[Stored items from a collection]
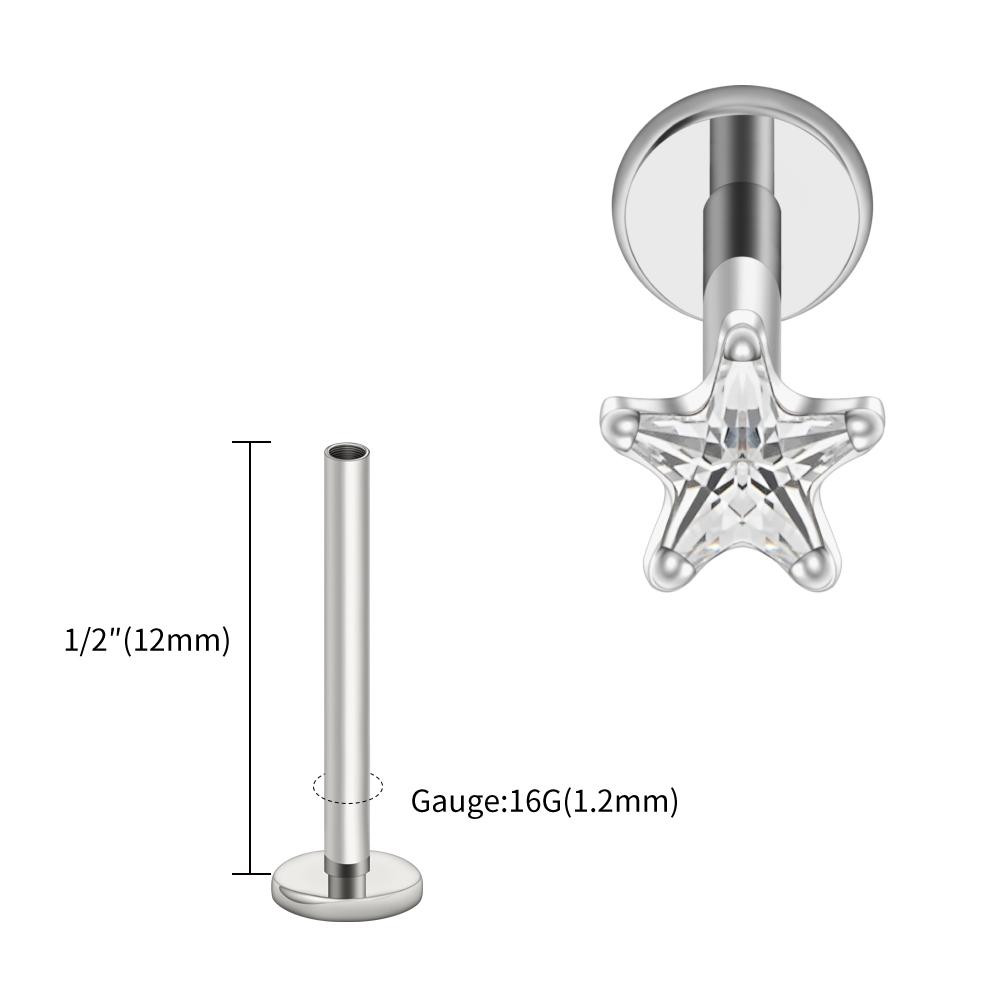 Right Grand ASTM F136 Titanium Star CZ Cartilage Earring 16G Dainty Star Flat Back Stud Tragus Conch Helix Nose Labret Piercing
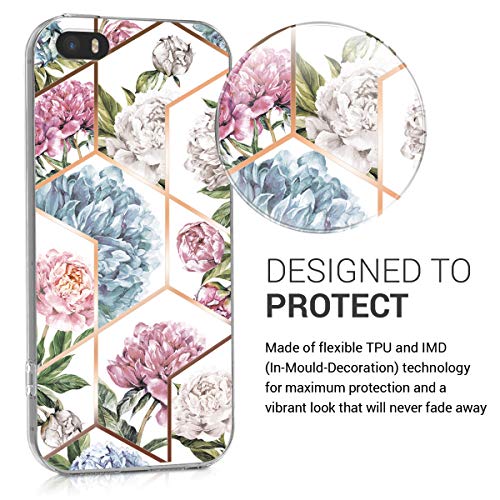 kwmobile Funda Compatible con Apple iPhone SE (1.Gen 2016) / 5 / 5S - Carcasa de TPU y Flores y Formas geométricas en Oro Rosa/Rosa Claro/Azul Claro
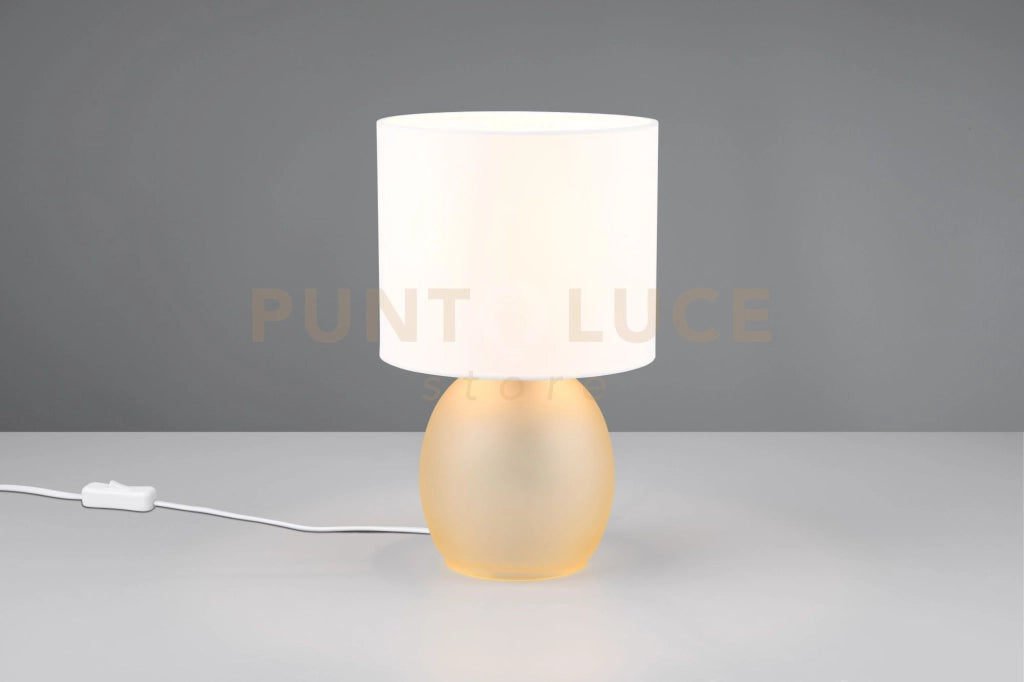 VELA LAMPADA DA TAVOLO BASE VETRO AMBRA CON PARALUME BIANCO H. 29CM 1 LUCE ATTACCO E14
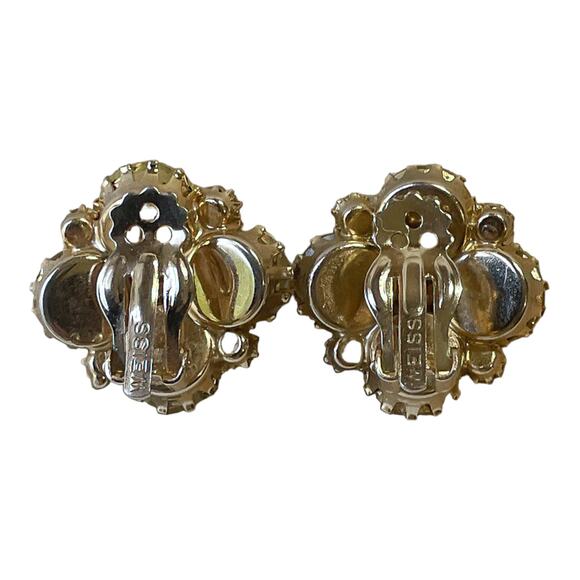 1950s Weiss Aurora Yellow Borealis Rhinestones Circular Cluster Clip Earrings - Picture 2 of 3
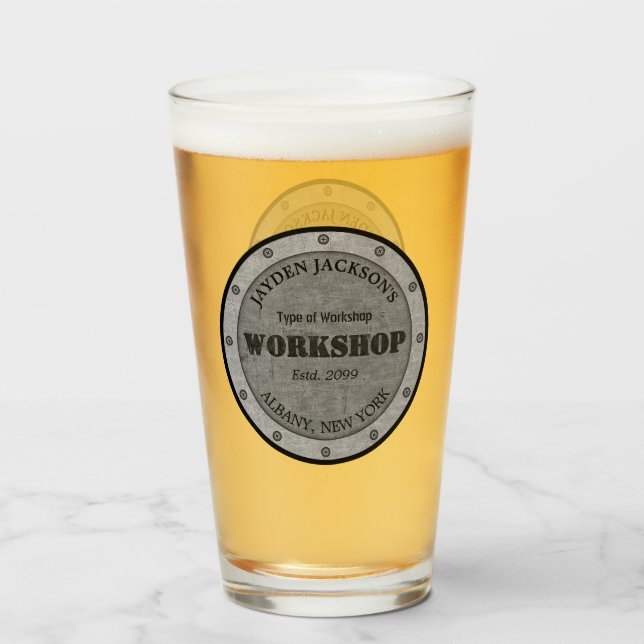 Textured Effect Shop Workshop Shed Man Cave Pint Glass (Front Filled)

*About this exercise:* Set down every entry exactly; omit the pictures.

*Exercise result:*
 Right Grand ASTM F136 Titanium Star CZ Cartilage Earring 16G Dainty Star Flat Back Stud Tragus Conch Helix Nose Labret Piercing
 kwmobile Funda Compatible con Apple iPhone SE (1.Gen 2016) / 5 / 5S - Carcasa de TPU y Flores y Formas geométricas en Oro Rosa/Rosa Claro/Azul Claro
 VELA LAMPADA DA TAVOLO BASE VETRO AMBRA CON PARALUME BIANCO H. 29CM 1 LUCE ATTACCO E14
 1950s Weiss Aurora Yellow Borealis Rhinestones Circular Cluster Clip Earrings - Picture 2 of 3
 Textured Effect Shop Workshop Shed Man Cave Pint Glass (Front Filled)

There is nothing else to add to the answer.